Using the .Net Console.ReadLine() seems to handle UTF-8 characters better. Here is a simplified version of address_parser.exe in C#:

using LibPostalNet;
using System;

namespace AddressParser
{
    internal class Program
    {
        private static void Main(string[] args)
        {
            string address_parser_dir = null;

            if (args.Length > 0)
            {
                address_parser_dir = args[0];
            }

            Console.WriteLine("Loading models...");

            LibPostal libPostal = LibPostal.GetInstance(address_parser_dir);
            libPostal.LoadParser();

            if (!libPostal.IsParserLoaded)
            {
                Console.Write("Failure while loading.");
                Environment.Exit(2);
            }

            Console.WriteLine();
            Console.WriteLine("Welcome to libpostal's address parser.");
            Console.WriteLine();
            Console.WriteLine("Type in any address to parse and print the result.");
            Console.WriteLine();
            Console.WriteLine("Special commands:");
            Console.WriteLine(".exit to quit the program");
            Console.WriteLine();

            string input = string.Empty;
            while (true)
            {
                Console.Write("> ");
                input = Console.ReadLine();

                // TODO: Add .language & .country support
                if (string.Equals(input, ".exit", StringComparison.InvariantCultureIgnoreCase))
                {
                    Console.WriteLine("Fin!");
                    break;
                }
                else if (string.Equals(input, ".print_features", StringComparison.InvariantCultureIgnoreCase))
                {
                    libPostal.PrintFeatures = true;
                }
                else if (input.Length < 1)
                {
                    continue;
                }

                var options = libPostal.GetAddressParserDefaultOptions();
                using (var parsed = libPostal.ParseAddress(input, options))
                {
                    Console.WriteLine();
                    Console.WriteLine("Result:");
                    Console.WriteLine();

                    Console.WriteLine(parsed.ToJSON());
                    Console.WriteLine();
                }
            }
        }
    }
}
AeroXuk commented 6 years ago

Actually, think I've found an easier answer for you (https://stackoverflow.com/a/388500/2594742).

Run this command before starting address_parser.exe to switch the command prompt code page to UTF-8:

chcp 65001
Goof2018 commented 6 years ago

Thank you very much.
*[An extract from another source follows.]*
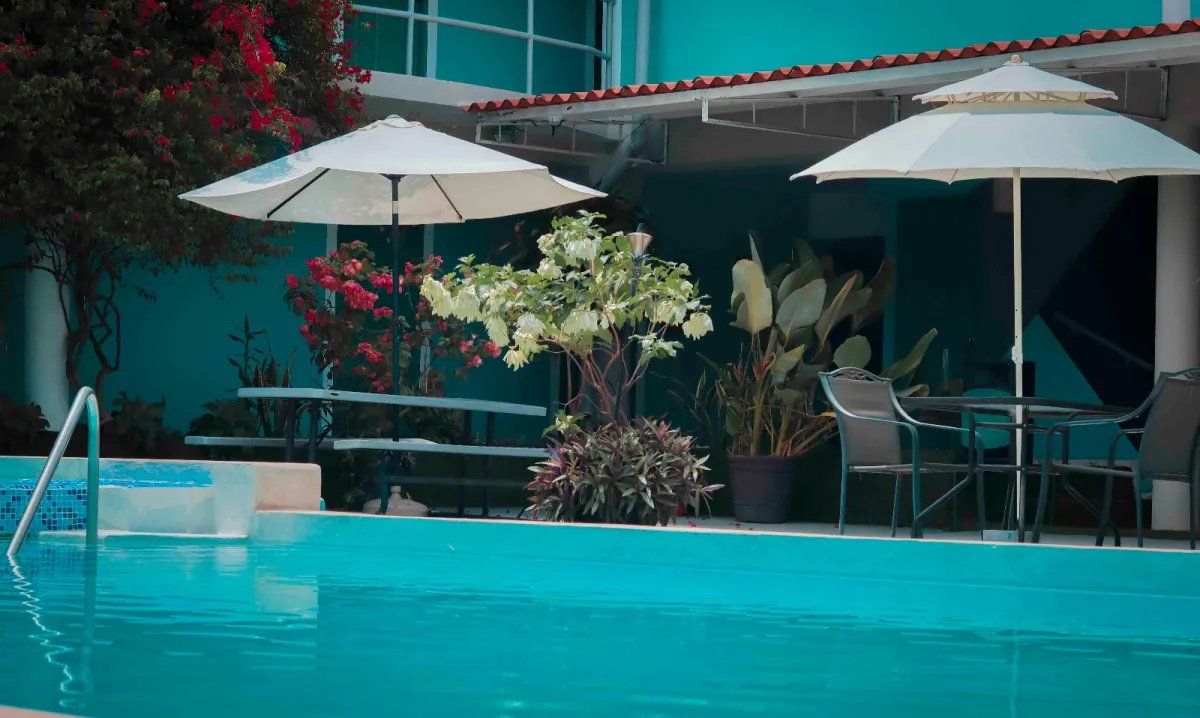 Hotel-Motel For Sale in Veracruz, Panamá Oeste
I'll give it a try.

jbelien commented 5 years ago

Hello, I ran into the same issue:

debian@development:~/libpostal/src$ ./address_parser
Loading models...
ERR   Error loading transliteration module, dir=(null)
   at libpostal_setup_datadir (libpostal.c:266) errno: No such file or directory

See https://github.com/openvenues/php-postal/issues/8#issuecomment-445171062

How can I fix this ? It seems that @Goof2018 succeeded to fix this one but doesn't explain how (and I'm on Debian 9).

Thanks a lot !

jbelien commented 5 years ago

UPDATE: I deleted everything and made a fresh install and it seems to be fixed (I run into errno: Cannot allocate memory now but I guess it's not related) !

Good thing to know (https://github.com/openvenues/libpostal/issues/365#issuecomment-402501481):

./configure automatically adds /libpostal on the end, so $DATA_DIR/home/User/libpostal/data becomes $DATA_DIR/home/User/libpostal/data/libpostal. This is where the library now looks for libpostals data files by default.